Kepada Louise Fischer, Bung Karno pernah mengaku bahwa ia sekaligus
Muslim, Kristen, dan Hindu. Di mata pengamat seperti Geertz, pengakuan
semacam itu dianggap sebagai “bergaya ekspansif seolah-olah hendak
merangkul seluruh dunia”. Sebaliknya, ungkapan semacam itu-pada hemat BJ
Boland dalam The Struggle of Islam in Modern Indonesia (1982)- “hanya
merupakan perwujudan dari perasaan keagamaan sebagian besar rakyat
Indonesia, khususnya Jawa”. Bagi penghayatan spiritual Timur, ucapan itu
justru “merupakan keberanian untuk menyuarakan berbagai pemikiran yang
mungkin bisa dituduh para agamawan formalis sebagai bidah”.
Sistem Politik
Soekarno
memiliki pandangan mengenai sistem politik yang didukungnya adalah yang
paling “cocok” dengan “kepribadian” dan “budaya” khas bangsa Indonesia
yang konon mementingkan kerja sama, gotong-royong, dan keselarasan.
Dalam retorika, ia mengecam “individualisme” yang katanya lahir dari
liberalisme Barat.

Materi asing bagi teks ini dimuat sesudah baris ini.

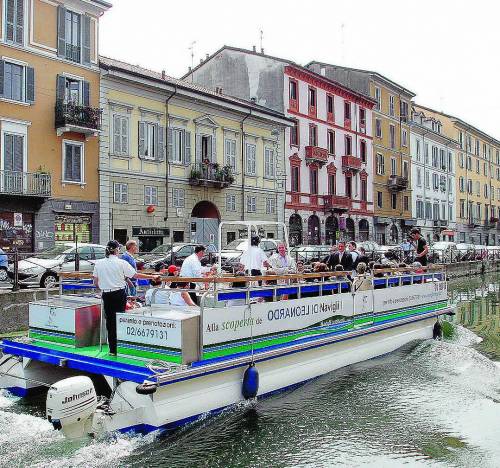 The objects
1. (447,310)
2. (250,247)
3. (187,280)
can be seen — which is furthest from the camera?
(447,310)

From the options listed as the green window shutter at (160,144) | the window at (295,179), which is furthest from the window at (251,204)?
the green window shutter at (160,144)

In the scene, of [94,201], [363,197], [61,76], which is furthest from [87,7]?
[363,197]

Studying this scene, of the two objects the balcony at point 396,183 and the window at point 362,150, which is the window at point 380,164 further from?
the window at point 362,150

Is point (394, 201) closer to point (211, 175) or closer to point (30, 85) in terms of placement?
point (211, 175)

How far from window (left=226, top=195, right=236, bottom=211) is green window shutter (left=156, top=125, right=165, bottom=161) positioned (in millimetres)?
5341

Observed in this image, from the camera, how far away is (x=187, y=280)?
299 inches

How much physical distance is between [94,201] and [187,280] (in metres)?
20.3

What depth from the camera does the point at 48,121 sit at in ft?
82.6

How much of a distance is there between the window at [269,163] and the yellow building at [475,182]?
3285cm

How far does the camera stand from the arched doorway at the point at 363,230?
47.6 metres

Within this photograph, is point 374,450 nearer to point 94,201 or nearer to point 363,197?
point 94,201

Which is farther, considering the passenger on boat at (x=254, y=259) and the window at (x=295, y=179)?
the window at (x=295, y=179)

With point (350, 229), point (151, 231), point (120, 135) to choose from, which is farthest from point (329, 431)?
point (350, 229)

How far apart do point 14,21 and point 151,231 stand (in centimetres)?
1102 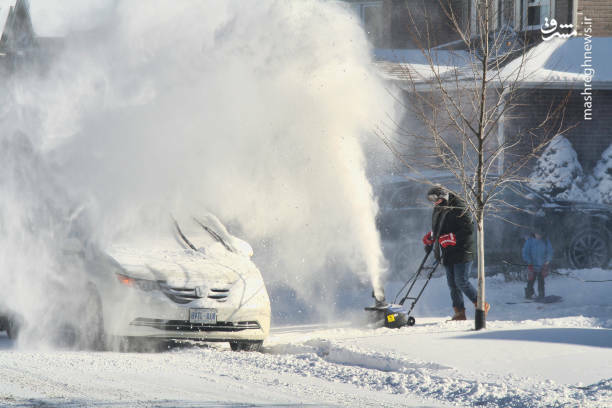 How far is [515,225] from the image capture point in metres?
15.1

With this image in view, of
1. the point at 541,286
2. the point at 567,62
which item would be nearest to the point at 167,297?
the point at 541,286

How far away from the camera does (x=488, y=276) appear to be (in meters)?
15.0

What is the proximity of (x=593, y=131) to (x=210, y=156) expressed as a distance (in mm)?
9896

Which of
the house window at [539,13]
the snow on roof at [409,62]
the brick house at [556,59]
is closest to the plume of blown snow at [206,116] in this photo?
the snow on roof at [409,62]

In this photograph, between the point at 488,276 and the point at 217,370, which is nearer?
the point at 217,370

Individualisme itu melahirkan egoisme, dan ini
terutama dicerminkan oleh pertarungan antarpartai.
Lalu
ia mencetuskan Demokrasi Terpimpin. Dalam berpolitik Soekarno
mementingkan politik mobilisasi massa, ia bersimpati pada
gerakan-gerakan anti-imperialisme, dan mungkin sebagai salah satu
konsekuensinya, penerimaannya pada Partai Komunis Indonesia (PKI)
sebagai aktor politik yang sah, pendukung konsepsi demokrasi terpimpin.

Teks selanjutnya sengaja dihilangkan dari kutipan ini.